遊んできたゲームタイトルはずっと好きで愛している。だけど昔のようには取り組めなくなった。

Kindleライブラリからいくつかの本を完全に削除した。
それらが棚にあってサムネイルが目に入るたび気を重くする必要はないのかな、とようやく割りきれたから。
買ってはみたものの好きではなかった本、持っていることがなんとなくしんどい本、価値観が合わなくなっていった本。
もういいかな、と自然に思えた。本との別れも人とのそれと同じこと。
データと一緒に記録と記憶も無理やりに消してしまうみたいだ。

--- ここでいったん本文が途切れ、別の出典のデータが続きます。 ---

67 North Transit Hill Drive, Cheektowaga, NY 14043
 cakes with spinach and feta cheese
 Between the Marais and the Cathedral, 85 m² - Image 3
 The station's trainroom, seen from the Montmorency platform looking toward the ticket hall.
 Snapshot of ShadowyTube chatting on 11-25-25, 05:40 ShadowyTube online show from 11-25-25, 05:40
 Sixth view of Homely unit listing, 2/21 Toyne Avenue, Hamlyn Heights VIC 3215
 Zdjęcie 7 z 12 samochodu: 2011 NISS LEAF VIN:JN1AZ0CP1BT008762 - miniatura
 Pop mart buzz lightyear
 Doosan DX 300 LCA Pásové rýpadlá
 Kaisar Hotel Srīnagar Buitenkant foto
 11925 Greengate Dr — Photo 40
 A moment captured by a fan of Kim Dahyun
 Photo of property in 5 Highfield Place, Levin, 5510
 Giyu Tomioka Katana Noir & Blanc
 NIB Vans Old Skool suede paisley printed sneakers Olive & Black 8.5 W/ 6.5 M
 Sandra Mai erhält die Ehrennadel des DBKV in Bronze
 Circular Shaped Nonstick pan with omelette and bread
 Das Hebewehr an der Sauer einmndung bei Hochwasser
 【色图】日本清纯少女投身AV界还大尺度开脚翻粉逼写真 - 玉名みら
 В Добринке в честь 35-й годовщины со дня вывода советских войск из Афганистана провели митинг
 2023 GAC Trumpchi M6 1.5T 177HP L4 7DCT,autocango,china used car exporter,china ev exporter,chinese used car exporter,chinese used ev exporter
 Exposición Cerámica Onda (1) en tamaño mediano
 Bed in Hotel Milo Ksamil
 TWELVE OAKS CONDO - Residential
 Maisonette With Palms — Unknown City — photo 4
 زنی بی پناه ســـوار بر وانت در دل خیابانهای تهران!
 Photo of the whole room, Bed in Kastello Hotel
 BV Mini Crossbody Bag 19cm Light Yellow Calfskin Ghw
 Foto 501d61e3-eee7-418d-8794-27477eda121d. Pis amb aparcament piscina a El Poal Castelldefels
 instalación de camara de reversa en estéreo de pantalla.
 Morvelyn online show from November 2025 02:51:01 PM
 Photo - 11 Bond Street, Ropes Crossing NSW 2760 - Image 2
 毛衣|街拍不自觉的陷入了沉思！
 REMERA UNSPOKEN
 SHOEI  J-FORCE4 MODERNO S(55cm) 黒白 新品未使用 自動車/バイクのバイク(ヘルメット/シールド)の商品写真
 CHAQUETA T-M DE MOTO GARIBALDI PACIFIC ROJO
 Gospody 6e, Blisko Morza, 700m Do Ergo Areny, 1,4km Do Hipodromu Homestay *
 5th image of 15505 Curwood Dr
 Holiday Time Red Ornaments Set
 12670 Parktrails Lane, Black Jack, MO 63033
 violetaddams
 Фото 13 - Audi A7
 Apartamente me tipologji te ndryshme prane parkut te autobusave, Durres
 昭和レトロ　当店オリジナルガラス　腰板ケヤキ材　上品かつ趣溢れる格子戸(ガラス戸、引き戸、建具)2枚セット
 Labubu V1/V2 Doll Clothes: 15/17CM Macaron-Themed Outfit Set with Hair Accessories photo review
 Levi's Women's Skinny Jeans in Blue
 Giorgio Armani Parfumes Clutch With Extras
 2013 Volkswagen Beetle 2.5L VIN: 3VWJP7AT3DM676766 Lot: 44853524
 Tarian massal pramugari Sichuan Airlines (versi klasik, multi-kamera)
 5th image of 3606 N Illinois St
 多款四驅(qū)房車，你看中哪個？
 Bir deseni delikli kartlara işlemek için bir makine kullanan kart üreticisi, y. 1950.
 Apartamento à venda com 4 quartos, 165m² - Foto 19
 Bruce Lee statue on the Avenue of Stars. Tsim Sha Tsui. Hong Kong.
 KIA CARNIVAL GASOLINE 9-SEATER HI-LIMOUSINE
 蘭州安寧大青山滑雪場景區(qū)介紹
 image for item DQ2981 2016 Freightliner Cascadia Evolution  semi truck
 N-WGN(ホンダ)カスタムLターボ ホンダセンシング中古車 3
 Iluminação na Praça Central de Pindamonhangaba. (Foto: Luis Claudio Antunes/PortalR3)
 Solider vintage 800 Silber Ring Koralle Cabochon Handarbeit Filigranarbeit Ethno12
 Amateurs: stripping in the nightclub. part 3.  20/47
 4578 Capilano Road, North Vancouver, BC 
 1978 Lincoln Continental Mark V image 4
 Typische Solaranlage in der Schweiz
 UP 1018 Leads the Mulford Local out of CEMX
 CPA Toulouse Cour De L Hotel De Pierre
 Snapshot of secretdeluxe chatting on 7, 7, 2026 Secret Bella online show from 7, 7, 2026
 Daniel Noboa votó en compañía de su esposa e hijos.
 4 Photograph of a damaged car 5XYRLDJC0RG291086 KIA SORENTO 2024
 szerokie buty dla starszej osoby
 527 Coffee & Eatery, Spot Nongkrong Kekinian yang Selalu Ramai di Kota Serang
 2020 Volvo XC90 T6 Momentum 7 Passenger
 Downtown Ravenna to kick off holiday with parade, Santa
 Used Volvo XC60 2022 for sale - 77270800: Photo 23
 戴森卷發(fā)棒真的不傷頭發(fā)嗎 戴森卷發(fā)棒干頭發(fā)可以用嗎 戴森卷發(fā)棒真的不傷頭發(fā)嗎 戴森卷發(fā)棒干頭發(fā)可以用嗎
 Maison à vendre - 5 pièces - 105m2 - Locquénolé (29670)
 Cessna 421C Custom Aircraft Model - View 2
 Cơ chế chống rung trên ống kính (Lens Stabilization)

だけどそうしてでも忘れたいことだってある。
気に入った本は紙で買いなおして、ぼちぼち紙に回帰していくつもり。

わたしの半生の区切りとして、最後に、ワープロを廃品回収に出すことにした。
高校生のときにバイト代をためて買って十数年もの間たくさんの小説を書いてきたかつての相棒に、もう十年近く触っていなかった。
文章は落ち着いて座ってキーボードで、というスタイルでしか書けなかったのにスマートフォンを持つことに慣れてからは場所もこだわりもなくなったから。
何百もの創作物がおさまっているはずのフロッピーディスクも一緒に処分する。バックアップはとらない(そもそも昔のワープロだから、とれるタイプじゃない)。プリントアウトもしない。
わたしが創ったものたちは、ただ人知れず消えていく。
躊躇しなくもないけれど、もうブログ以外の文章を書いたり、なにかに萌えて創作活動を再開することもないだろう。
ワープロにかわってポメラをと何度か考えたものの、持ちものと出費につりあうほどのものを創りだすことも、日常的に使い込むこともなさそうだから、たぶんこの先も手に入れない。
ものを書く道具は手のひらにおさまるくらいで充分だ。スマホだけを持って、自分を満たして、ささやかにやっていく。

わたしはずっとなにかを残したかった。文章を書く人間のさがとして。
覚えていることを忘れたくなかった。ぜんぶ、なにもかも、覚えていたかった。なにかにハマるオタクの習性として。
人に忘れられるのが怖かった。書いたものと好きなものでつながった人たちに認められ、わかりあえる幸せを知ったから。
だけど近ごろはこう思うのだ。なにかを残したり人に見せなくたって、なにを好きでいたのかは自分自身が覚えていればいいし、その自分が忘れてしまうのならば忘れていけばいい。誰かに忘れられてもかまわない。だって、わたしもちょっとずつ誰かなにかを忘れていく。

執着を手放して自由に生きていく。気負わずに暮らしていく。
持てるだけ、覚えていられるだけ、かかわれるだけ。
そんな生きかたが、四十代のいまとこれからのわたしにはアリになった。